The future of photography is here. "Unlike other cameras, which essentially capture a 2-D approximation of a scene, the Illum's lens takes in the 4-D light field and renders that data into a manipulatable, interactive image. This means you can take a picture, and then refocus or shift the perspective slightly."
The cast for Star Wars Episode VII has finally been revealed.
The Department of Homeland Security is advising computer users to refrain from using Internet Explorer until a fix is found for a serious security flaw that allows hackers to control your PC.
Is Apple gearing up for a Paypal/Google Wallet-style mobille payment service?
The limitless posibilities of Google Glass and the wearables revolution. "Bicyclists will use info-glasses as a heads-up display for everything from road speed and map route to heart rate and glucose levels…Parents who are out to dinner will be able to discretely listen in on the baby monitor back home or view streaming video off a bedroom webcam…imagine an app that uses face recognition to tell you the name of the acquaintance walking toward you and your spouse at a cocktail party, sparing everyone the embarrassment of a fumbled introduction."
Cosmos explores the birth, death and chemical composition of stars.
Wired looks at the budding relationship between Silicon Valley entreprenurs and the cannabis industry. "For the science and technology set, it's a classic opportunity to disrupt an industry historically run by hippies and gangsters. And the entire tech-industrial complex is getting in on the action: investors, entrepreneurs, biotechnologists, scientists, industrial designers, electrical engineers, data analysts, software developers. Industry types with experience at Apple and Juniper and Silicon Valley Bank and Zynga and all manner of other companies are flocking to cannabis with the hopes of creating a breakout product for a burgeoning legitimate industry."

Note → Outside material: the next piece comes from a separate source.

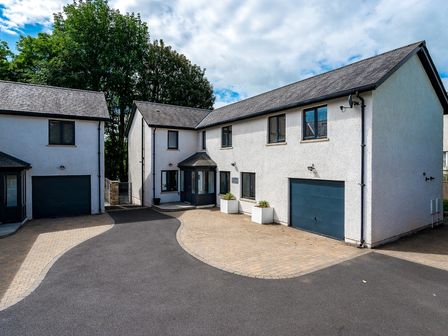 An exterior view of two white houses with driveways and garages surrounded by trees at Pen-y-Ghent in Kirkby Lonsdale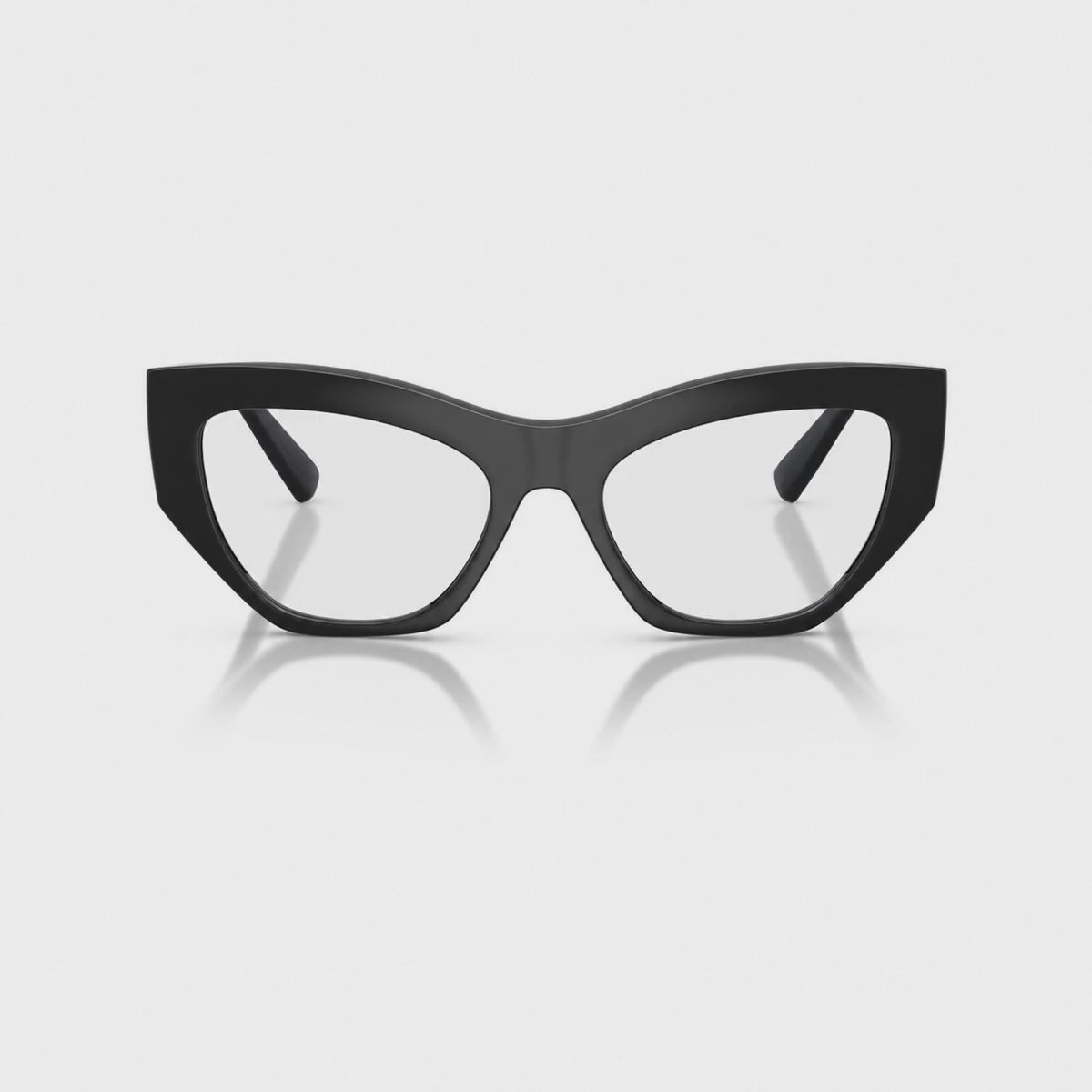 Vogue VO5607S photochromic brown replacement lenses, front video of the lenses darkening from clear to brown · ReFramed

We all know how frustrating it is trying to watch a movie over a laggy internet connection. But what if your entire life was lagged? Enter Oculus Rift and Swedish internet provider ume.net:

Does Nissan's first self-cleaning vehicle mean that car washes will soon go the way of the record store? "The [car's] paint, developed by engineers at the Nissan Technical Centre in the UK, is hydrophobic and oleophobic. That means it repels water and oil. That means the gunk and goo that normally sticks to your ride slides right off. It's like wax, but better. Nissan's engineers have applied the finish, called Ultra-Ever Dry, to a Nissan Note and say it does a remarkable job repelling rain, spray, frost, sleet and standing water. If the video is to be believed, mud literally slides right off."
In other automobile news, Google's self-driving cars now demonstrate an impressive understanding of cyclists' gestures and pedestrian behavior.

The Holy Grail of video game artifacts has been found. "Digging in Alamogordo, New Mexico [Saturday], excavators discovered cartridges for the critically-panned Atari game E.T., buried in a landfill way back in 1983 after Atari couldn't figure out what else to do with their unsold copies. For decades, legend had it that Atari put millions of E.T. cartridges in the ground, though some skeptics have wondered whether such an extraordinary event actually happened."
SpaceX shows off controlled Falcon 9 rocket soft landing, a possibe laying of the groundwork for the company's long-term goal of bringing humans to Mars.